Un tournant « mitterrandien » pour Macron ?
Le « en même temps » inauguré par le président français conduit à l’impasse, estime le philosophe et économiste Jérôme Batout dans une tribune au « Monde ». Il doit, tel François Mitterrand, laisser du temps au temps pour mieux distinguer ce qui relève de l’urgence de ce qui tient de la transformation.
Recommander à Macron un tournant mitterrandien , c’est oublier le flou et le renoncement de la fin pénible de Mitterrand. C’est substituer l’opportunisme politique à des valeurs déjà très édulcorées. Et la gauche ne s’est jamais remise de ces renoncements NDLR
En cette rentrée, chacun constate le trouble qui affecte Emmanuel Macron. Mais d’où vient-il ? Pour certains, le président s’enferme dans la posture de la crise et du tragique, faute d’être en mesure de réformer. Pour d’autres, il privilégie désormais le compromis, et ce faisant renonce là aussi à la transformation. Dans tous les cas, Macron 2 semble trahir Macron 1, qui avait fait espérer le pays autour du mantra mystérieux du « en même temps ». Et si le désarroi présidentiel avait en fait un point de naissance ancien, mais qui n’apparaîtrait nettement qu’en cette rentrée 2022 ?
Hypothèse : le trouble actuel peut se comprendre comme l’épuisement du rapport au temps politique promu en 2017 par le président. A l’époque, on avait voulu voir dans le « en même temps » un dispositif de dépassement du clivage droite/gauche.
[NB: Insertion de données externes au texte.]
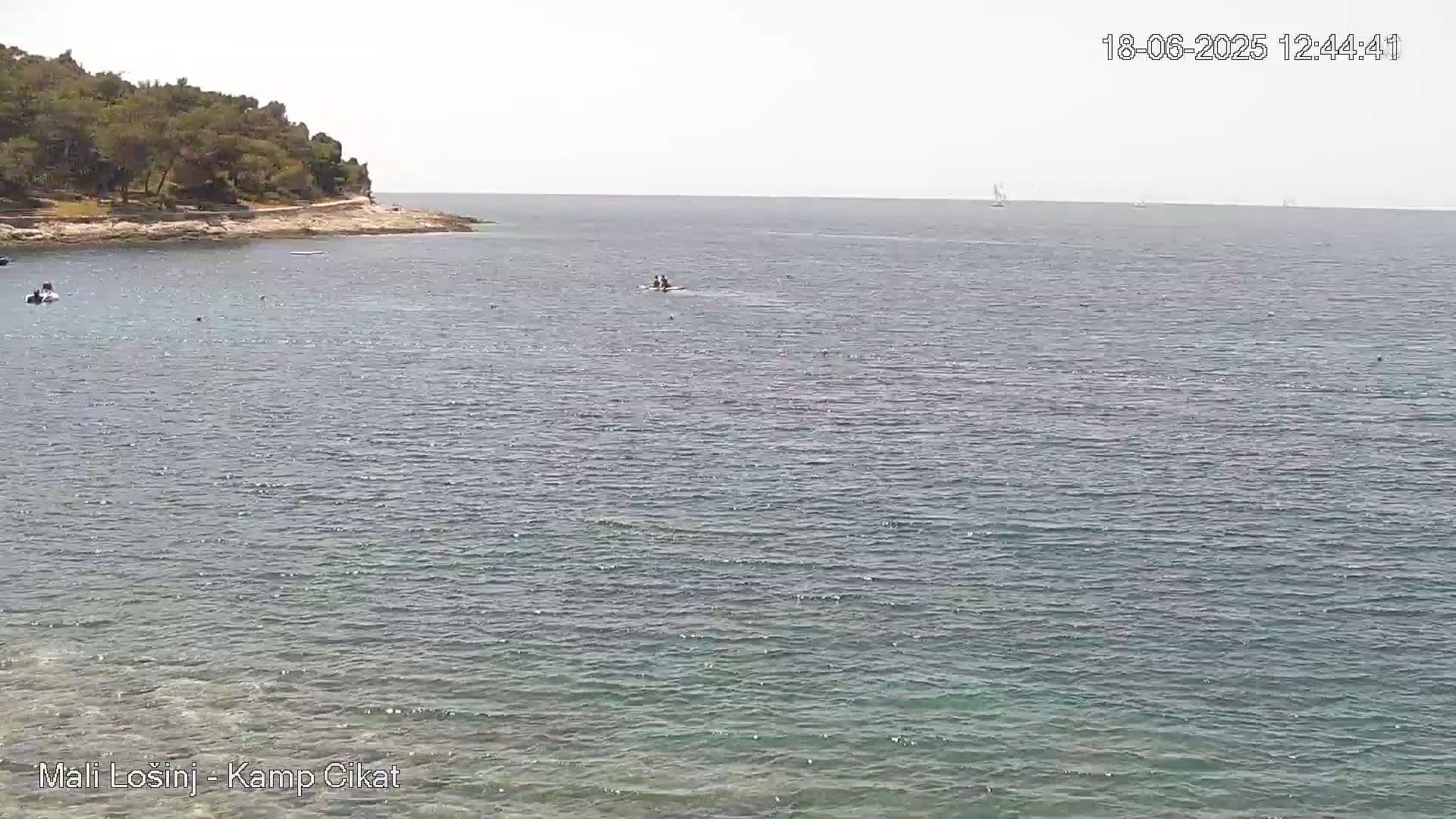 A calm, sunny day shows a body of water with a small boat and a shoreline with green vegetation.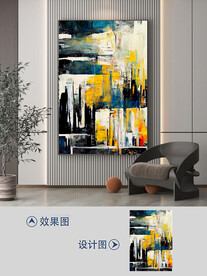 现代手绘抽象油画玄关装饰画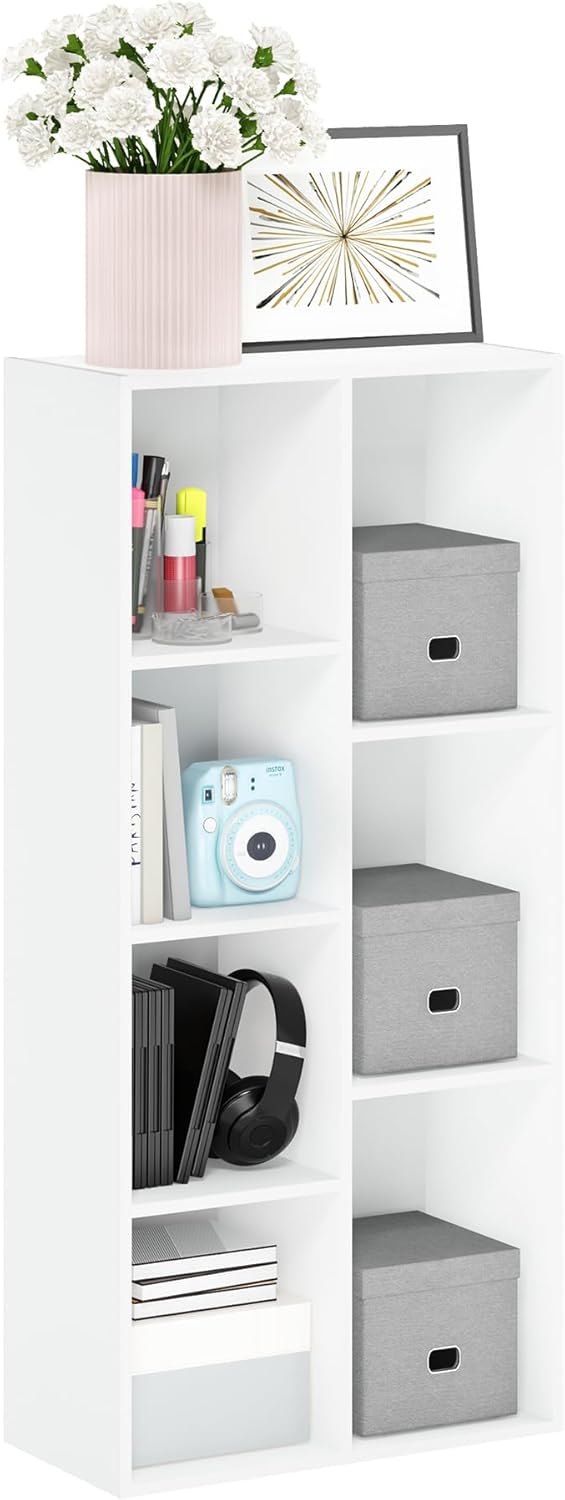 Furinno LUDER Book Shelf, 7-Cube Bookshelf, Bookcase, 9.4" x 19.5" x 41.7", for Living Room, Bedroom, Home Office, White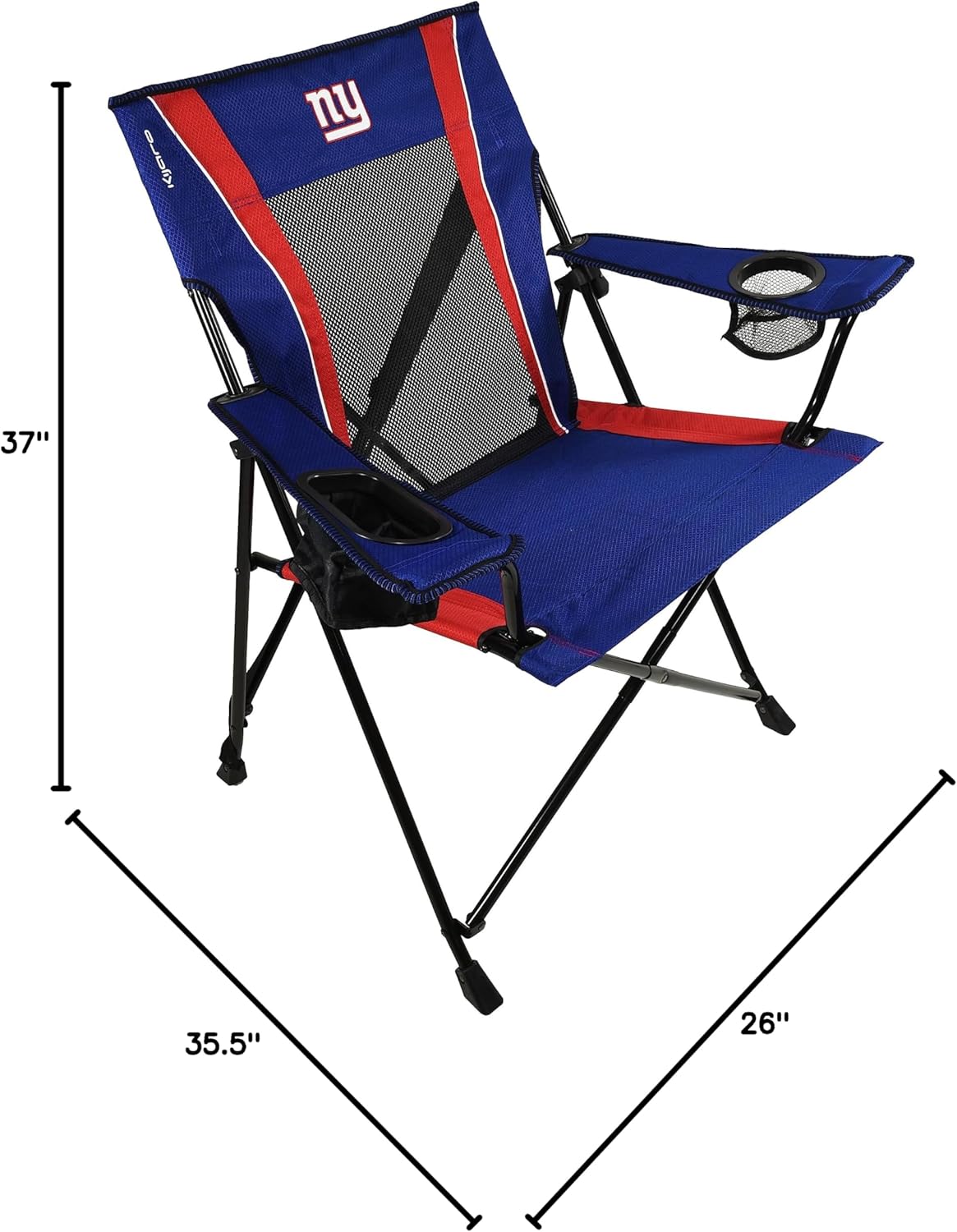 Kijaro Dual Lock Pro, NFL Sports Fan Foldign Chair, 26" L x 35.5" W x 37" H, New York Giants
Or, cette posture se révèle rétrospectivement engager un basculement bien plus profond : le « en même temps » était le signe d’un nouveau rapport au temps. Un rapport au temps ambitieux, original – et risqué.
Le temps est la matière première de la politique. C’est la glaise de l’homme ou de la femme d’Etat. Mais constatons la rupture : pour François Mitterrand, héritier de la tradition classique, « il faut laisser le temps au temps ». Pour Emmanuel Macron, « il faut tout faire en même temps ». Là apparaît en toute netteté le bouleversement du rapport au temps véhiculé par le macronisme.
Laisser le temps au temps, c’est constater que le temps de l’urgence, de la réaction, de la crise n’est pas fait du même bois que le temps de la réforme, de la transformation, de la préparation. Richelieu (à qui on attribue parfois la phrase de Mitterrand) a établi qu’il fallait dans un premier temps planter des chênes pour disposer un siècle plus tard des vaisseaux, et dans un second temps couper de jeunes hêtres pour faire flèche de tout bois. Laisser le temps au temps, c’est tout sauf ne rien faire : c’est faire ce qu’il convient de faire, séparément, dans chacun des deux ordres du temps.